We’ve heard this Persian fairy tale before. Faced with increasing international pressure, Iran makes nice with the agency, trying to beguile its inspectors and 35-member governing board with explanations and evasions. Judging by Iran’s continuing failure to live up to its legal obligations under the Nonproliferation Treaty, the goal is to play for time until an Iranian nuclear weapon is a fait accompli and the world lives uneasily ever after.

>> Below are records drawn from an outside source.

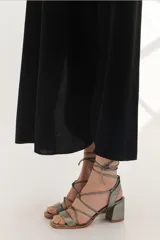 Sandalias de cuero plateado con taco bloque, tiras finas y cordones para atar al tobillo.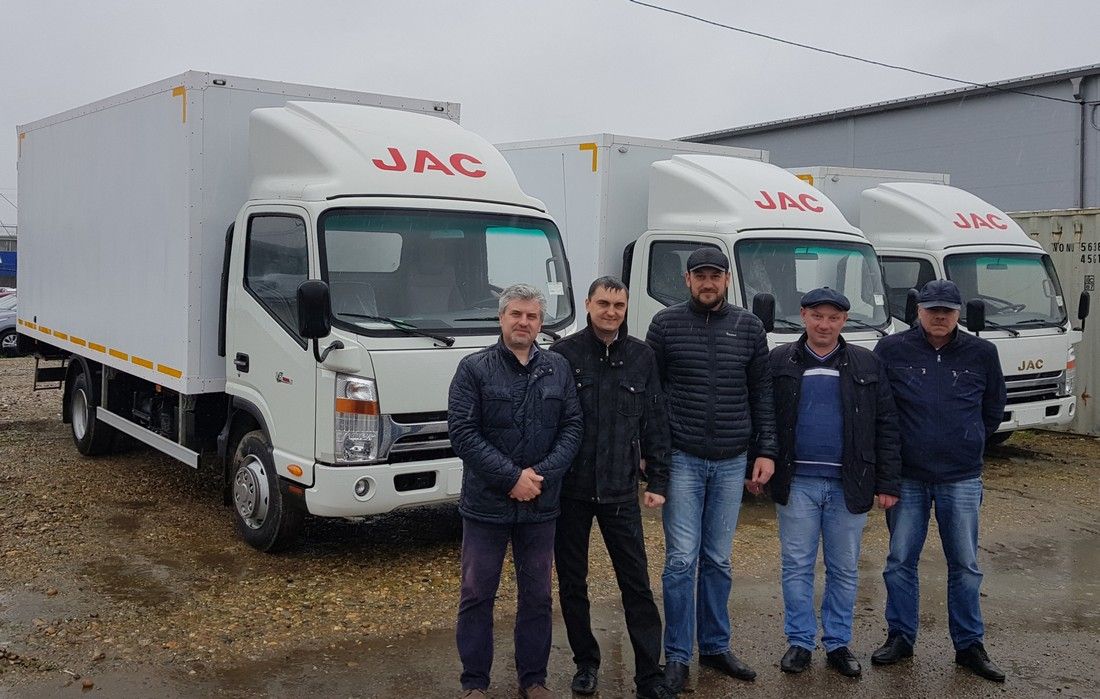 Клиент выбирает грузовики JAC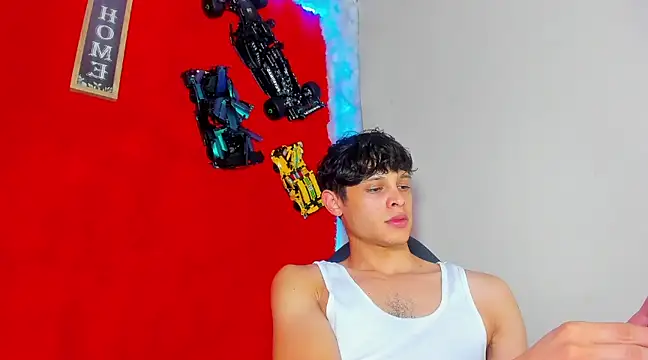 Snapshot of LilOwen_ chatting on 03.04.25 LilOwen online show from 03.04.25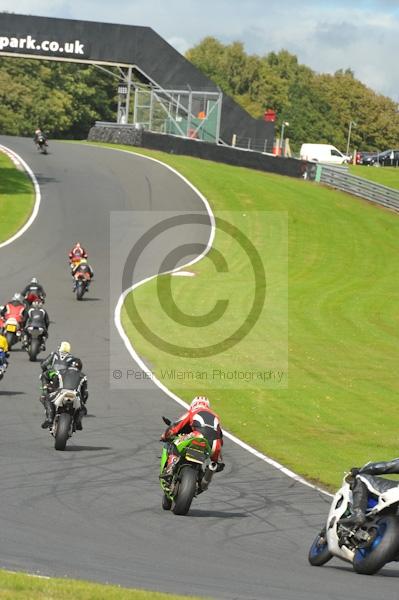 Motorcycle action photographs;Trackday digital images;event digital images;eventdigitalimages;no limits trackday;oulton park;oulton park circuit cheshire;oulton park photographs;peter wileman photography;trackday;trackday photos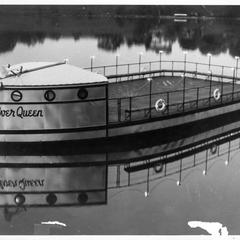 "Silver Queen" passenger boat on the Rock River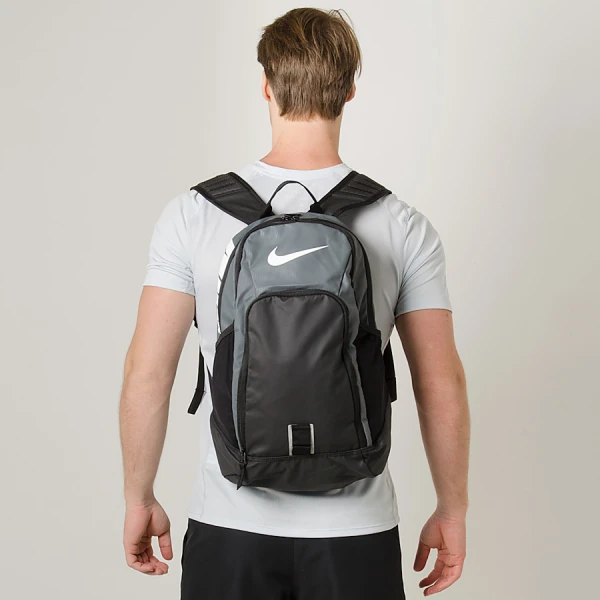 MOCHILA NIKE ALPH ADPT REV - Grafite/preto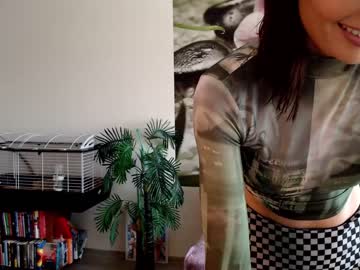 Nude cam girl jennycutey image #2717469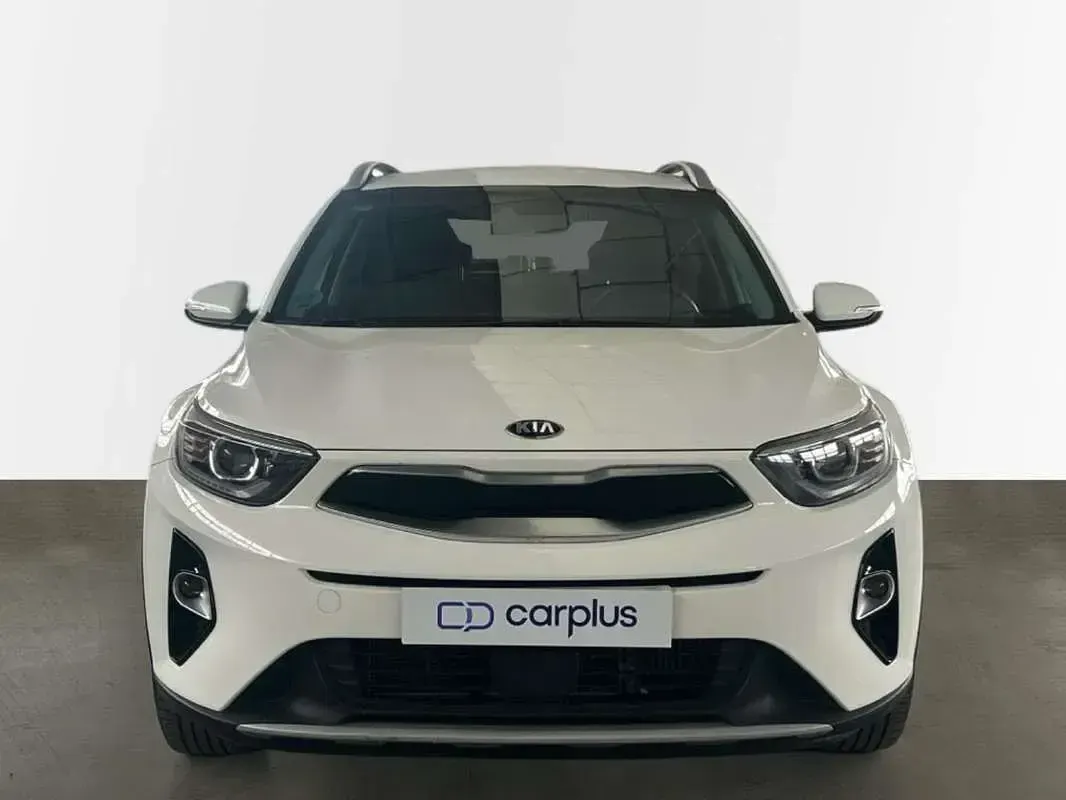Usado Kia Stonic 120 CV (88 kW) 2020 Blanco SUV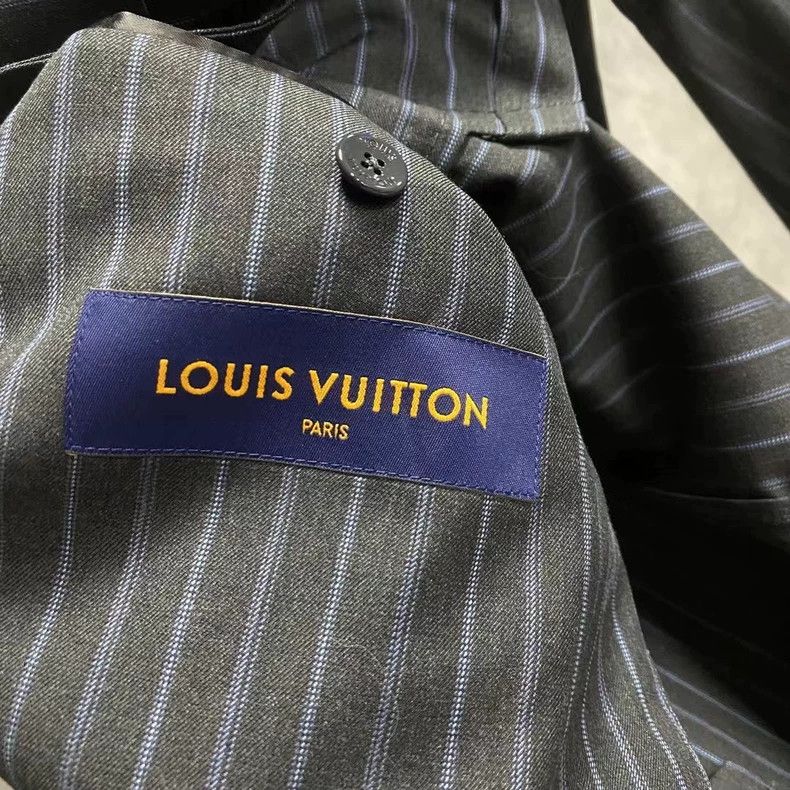 Louis Vuitton Louis Vuitton Grey striped British style suit 2502-Nextarr Size 50R - 3 Thumbnail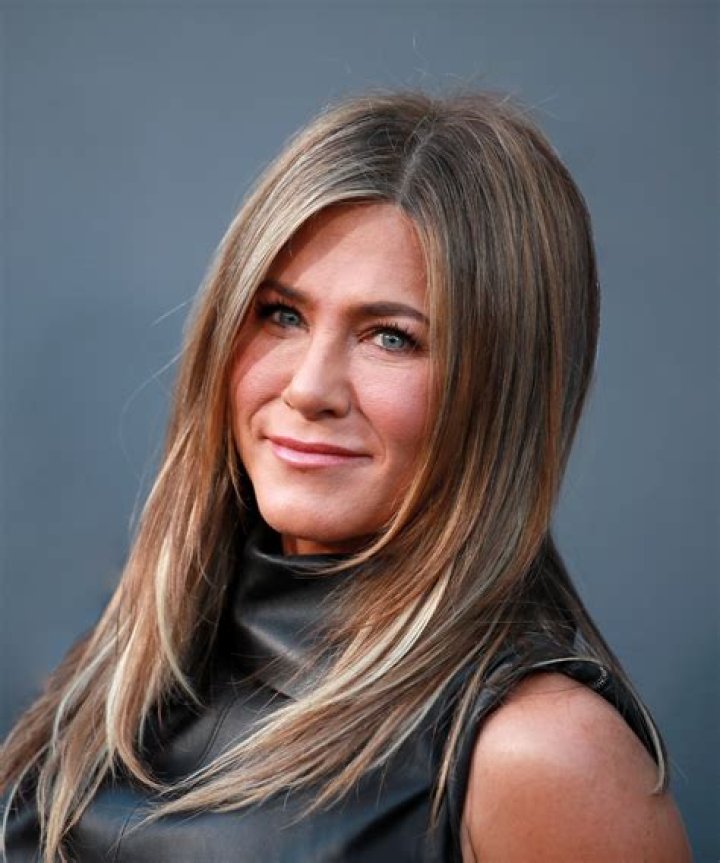 Does Jennifer Aniston dye her hair?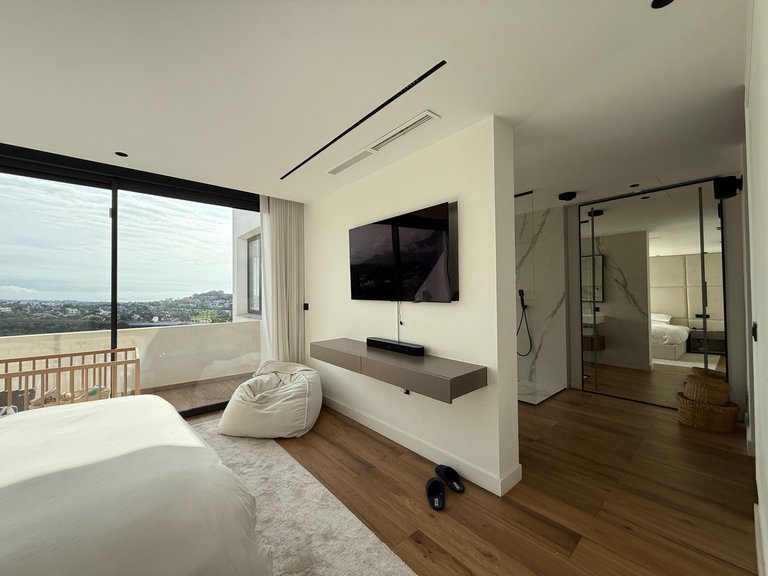 RENOVATED TOWNHOUSE WITH FANTASTIC VIEWS FOR SALE IN BENAHAVIS 32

Details of the IAEA’s mission will probably not be revealed until its next quarterly report in a few weeks. In the meantime, the agency has announced that another meeting will take place in Tehran on Feb. 21-22. Iran’s receptiveness to the team’s visit suggests a willingness to take seriously the allegations about its nuclear program’s “possible military dimensions” -- to use the IAEA’s almost-smoking-gun phrase from its report in November -- rather than dismissing them out of hand as lies and fabrications as it has in the past.
Sanctions That Bite
That gives us another hopeful sign: that the sanctions imposed by the U.S. and its allies, including a European embargo on Iranian oil to take effect this summer, are having an effect. The isolation of Iranian banks from the international financial system has sent prices of basic goods higher and cut the value of the rial against the dollar by more than 50 percent, bringing home to ordinary Iranians the consequences of their leadership’s actions. Supreme leader Ayatollah Ali Khamenei must weigh whether Iran’s economy, and his regime’s rule, can withstand such growing pressure over the one to two years that analysts estimate Iran still needs to build a nuclear weapon.
If ever there were a place and time to, as Richard Nixon famously said about Chile, “make the economy scream,” it would be Iran now. Given the dismal alternatives of military action or a nuclear-armed Iran, sanctions must be stiff enough to lead Iran’s supreme leader to the right conclusion. We welcome the urgency that Congress has attached to this issue, with three new bills in the works that target Iran’s oil industry and finances.
At the same time, sanctions must strengthen rather than fracture the coalition behind them. To execute the delicate diplomacy involved, President Barack Obama’s administration must have leeway in enforcing such measures. To our minds, some of the legislation that’s been proposed doesn’t provide the necessary maneuvering room. The Senate Banking Committee will mark up draft legislation Thursday that will, among other things, impose a six-month deadline on investigating and sanctioning any company listed on U.S. stock exchanges that has conducted activities sanctionable under U.S. law, or has affiliates that have done so. This is a tight timeframe and a very wide net. Although the committee has taken pains to blunt any charges of extraterritoriality, its far-reaching provisions on foreign subsidiaries may raise hackles in Europe and elsewhere.
There’s little doubt that the Iranians’ new willingness to talk to the IAEA is an attempt to sow division between their most hard-line critics and those countries still hoping Iran will change its ways; dissension over potentially overreaching sanctions could produce much the same effect.
In addition to laying on tighter, smarter sanctions, there are steps the world can take to help the IAEA. These include providing the agency with more intelligence evidence that it can actually show the Iranians -- many intelligence agencies now share information with the IAEA on the condition that it be kept from Iran. This wouldn’t necessarily persuade the Iranians to admit to illicit activities, but it would put a stop to Iran’s complaints on that score and help to maintain the agency’s present effectiveness and future credibility. (The debacle of Iraq, with its slam dunks and still-missing weapons of mass destruction, has left the IAEA’s professional staff understandably concerned about being led up the garden path.)
The IAEA should also be encouraged to use its authority for so-called special inspections, which can be undertaken quickly when the information provided by a state is inadequate, even without the signing of an additional protocol. And, moving forward, the agency’s board of governors needs to make its voting records public. Let those member countries that have refused to help in stopping the spread of nuclear weapons confront greater public scrutiny -- as they will, ultimately, history’s verdict.